=== Section Start ===
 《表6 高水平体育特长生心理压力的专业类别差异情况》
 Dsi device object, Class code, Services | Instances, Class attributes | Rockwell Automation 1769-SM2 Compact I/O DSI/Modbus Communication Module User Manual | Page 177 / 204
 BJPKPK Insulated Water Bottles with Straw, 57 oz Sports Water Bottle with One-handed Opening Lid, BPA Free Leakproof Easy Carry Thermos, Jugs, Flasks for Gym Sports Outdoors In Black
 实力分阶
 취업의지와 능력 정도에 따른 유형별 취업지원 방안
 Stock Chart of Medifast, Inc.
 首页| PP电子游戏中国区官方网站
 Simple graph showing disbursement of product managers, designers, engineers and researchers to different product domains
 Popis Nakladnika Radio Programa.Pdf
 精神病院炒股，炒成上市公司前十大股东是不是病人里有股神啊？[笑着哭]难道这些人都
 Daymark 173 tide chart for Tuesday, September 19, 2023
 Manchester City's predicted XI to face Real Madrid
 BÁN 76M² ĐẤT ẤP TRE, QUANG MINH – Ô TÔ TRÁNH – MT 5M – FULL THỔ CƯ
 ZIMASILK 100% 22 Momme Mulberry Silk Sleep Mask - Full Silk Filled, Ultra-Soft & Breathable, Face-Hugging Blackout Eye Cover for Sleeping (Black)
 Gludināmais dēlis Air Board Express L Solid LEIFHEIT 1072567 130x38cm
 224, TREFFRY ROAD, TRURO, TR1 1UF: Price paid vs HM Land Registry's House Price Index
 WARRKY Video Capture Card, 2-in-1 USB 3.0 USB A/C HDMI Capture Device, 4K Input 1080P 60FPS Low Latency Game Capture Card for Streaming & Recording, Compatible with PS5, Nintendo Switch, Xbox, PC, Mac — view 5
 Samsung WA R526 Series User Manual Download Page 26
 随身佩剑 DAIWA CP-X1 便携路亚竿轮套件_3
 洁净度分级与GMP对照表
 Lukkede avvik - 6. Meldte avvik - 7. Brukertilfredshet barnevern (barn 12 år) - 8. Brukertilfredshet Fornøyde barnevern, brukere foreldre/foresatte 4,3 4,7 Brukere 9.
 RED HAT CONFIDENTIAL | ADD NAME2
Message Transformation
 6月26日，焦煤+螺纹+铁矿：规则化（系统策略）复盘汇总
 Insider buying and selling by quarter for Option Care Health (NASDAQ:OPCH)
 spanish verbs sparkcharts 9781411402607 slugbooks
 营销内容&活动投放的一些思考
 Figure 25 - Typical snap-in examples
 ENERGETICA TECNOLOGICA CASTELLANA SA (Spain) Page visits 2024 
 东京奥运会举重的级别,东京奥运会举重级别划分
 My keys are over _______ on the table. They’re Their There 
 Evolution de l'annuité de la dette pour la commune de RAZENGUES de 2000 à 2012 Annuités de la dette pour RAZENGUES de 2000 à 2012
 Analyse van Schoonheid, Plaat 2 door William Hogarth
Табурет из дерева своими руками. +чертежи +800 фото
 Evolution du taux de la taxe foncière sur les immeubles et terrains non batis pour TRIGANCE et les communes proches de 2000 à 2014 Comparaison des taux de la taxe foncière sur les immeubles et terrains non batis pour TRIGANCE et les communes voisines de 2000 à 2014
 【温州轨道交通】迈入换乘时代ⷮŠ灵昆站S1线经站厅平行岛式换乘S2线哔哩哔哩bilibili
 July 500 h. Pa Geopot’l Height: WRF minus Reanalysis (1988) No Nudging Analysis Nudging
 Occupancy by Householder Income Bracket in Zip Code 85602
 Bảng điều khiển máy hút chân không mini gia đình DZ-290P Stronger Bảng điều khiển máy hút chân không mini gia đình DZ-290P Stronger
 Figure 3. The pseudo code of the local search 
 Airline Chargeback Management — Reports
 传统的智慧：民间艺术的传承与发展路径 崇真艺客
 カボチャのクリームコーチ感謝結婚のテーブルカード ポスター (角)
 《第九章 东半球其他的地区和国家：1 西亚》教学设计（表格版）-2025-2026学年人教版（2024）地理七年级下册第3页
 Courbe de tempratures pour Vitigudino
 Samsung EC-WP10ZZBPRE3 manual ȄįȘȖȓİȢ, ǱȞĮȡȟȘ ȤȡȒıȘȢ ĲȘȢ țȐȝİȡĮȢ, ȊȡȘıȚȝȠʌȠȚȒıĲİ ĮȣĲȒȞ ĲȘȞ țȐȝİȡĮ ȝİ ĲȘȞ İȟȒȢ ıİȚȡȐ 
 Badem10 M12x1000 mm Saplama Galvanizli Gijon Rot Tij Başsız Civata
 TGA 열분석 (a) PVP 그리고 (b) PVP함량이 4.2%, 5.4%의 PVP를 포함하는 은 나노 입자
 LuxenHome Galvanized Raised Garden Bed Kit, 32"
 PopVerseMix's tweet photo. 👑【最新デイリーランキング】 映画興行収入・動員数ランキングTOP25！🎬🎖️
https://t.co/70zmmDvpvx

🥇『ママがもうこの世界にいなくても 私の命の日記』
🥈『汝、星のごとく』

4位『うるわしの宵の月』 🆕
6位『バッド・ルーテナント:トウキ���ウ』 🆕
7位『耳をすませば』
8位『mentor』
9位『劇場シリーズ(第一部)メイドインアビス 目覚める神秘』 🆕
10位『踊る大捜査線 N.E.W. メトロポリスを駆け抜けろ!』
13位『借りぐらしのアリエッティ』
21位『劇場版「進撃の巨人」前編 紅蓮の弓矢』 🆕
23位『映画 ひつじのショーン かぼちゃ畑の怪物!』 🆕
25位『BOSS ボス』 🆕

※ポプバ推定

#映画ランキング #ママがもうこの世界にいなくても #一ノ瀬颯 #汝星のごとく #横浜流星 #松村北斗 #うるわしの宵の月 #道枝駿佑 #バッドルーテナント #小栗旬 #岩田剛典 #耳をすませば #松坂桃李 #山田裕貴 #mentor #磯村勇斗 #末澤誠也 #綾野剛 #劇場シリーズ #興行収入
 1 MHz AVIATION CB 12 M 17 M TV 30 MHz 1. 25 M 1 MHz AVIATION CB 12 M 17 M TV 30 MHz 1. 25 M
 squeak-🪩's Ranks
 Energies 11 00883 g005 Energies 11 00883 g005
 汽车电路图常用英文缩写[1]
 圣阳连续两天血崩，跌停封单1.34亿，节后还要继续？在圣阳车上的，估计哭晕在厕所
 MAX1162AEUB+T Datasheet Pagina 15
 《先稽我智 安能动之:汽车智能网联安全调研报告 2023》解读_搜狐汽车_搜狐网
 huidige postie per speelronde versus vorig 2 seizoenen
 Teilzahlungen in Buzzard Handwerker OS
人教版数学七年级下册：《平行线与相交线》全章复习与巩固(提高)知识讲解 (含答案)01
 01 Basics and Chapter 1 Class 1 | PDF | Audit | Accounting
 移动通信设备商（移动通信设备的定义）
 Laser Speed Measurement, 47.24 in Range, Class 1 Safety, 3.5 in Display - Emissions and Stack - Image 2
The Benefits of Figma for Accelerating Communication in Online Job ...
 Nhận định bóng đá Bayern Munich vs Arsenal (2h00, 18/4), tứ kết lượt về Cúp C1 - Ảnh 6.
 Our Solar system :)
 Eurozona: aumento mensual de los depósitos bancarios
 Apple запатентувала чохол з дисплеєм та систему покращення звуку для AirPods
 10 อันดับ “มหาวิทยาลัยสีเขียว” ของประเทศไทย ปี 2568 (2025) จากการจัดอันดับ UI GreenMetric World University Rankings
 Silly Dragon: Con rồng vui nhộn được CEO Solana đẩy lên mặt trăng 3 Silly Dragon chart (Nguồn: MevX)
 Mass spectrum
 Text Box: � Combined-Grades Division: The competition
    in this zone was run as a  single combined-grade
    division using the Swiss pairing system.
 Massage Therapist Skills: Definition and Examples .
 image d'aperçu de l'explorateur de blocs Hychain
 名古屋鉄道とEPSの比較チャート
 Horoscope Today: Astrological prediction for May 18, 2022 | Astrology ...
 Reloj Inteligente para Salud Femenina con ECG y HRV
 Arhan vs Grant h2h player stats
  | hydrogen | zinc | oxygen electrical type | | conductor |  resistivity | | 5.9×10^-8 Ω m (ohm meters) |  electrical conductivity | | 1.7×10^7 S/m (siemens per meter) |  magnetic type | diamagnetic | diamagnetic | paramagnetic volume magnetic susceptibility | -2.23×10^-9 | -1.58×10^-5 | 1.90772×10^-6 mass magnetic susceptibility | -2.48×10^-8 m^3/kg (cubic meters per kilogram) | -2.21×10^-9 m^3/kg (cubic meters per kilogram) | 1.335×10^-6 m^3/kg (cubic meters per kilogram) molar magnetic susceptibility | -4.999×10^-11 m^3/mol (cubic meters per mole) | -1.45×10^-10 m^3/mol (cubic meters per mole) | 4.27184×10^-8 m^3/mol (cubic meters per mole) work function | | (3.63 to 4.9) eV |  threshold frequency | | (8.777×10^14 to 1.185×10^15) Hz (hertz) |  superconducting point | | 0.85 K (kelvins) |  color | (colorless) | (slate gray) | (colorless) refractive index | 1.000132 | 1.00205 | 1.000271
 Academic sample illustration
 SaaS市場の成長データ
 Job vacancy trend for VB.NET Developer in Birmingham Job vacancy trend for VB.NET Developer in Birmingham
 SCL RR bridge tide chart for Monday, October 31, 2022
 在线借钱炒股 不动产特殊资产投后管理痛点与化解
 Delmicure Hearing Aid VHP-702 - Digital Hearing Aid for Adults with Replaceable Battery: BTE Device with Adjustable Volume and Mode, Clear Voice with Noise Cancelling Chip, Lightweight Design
=== Section End ===
◆ Work instruction
Using the data above, extract exactly the lines from the one that holds "BÁN 76M² ĐẤT" to the one that holds "WARRKY Video Capture", both ends included, and no others.

◆ Solution for this exercise
 BÁN 76M² ĐẤT ẤP TRE, QUANG MINH – Ô TÔ TRÁNH – MT 5M – FULL THỔ CƯ
 ZIMASILK 100% 22 Momme Mulberry Silk Sleep Mask - Full Silk Filled, Ultra-Soft & Breathable, Face-Hugging Blackout Eye Cover for Sleeping (Black)
 Gludināmais dēlis Air Board Express L Solid LEIFHEIT 1072567 130x38cm
 224, TREFFRY ROAD, TRURO, TR1 1UF: Price paid vs HM Land Registry's House Price Index
 WARRKY Video Capture Card, 2-in-1 USB 3.0 USB A/C HDMI Capture Device, 4K Input 1080P 60FPS Low Latency Game Capture Card for Streaming & Recording, Compatible with PS5, Nintendo Switch, Xbox, PC, Mac — view 5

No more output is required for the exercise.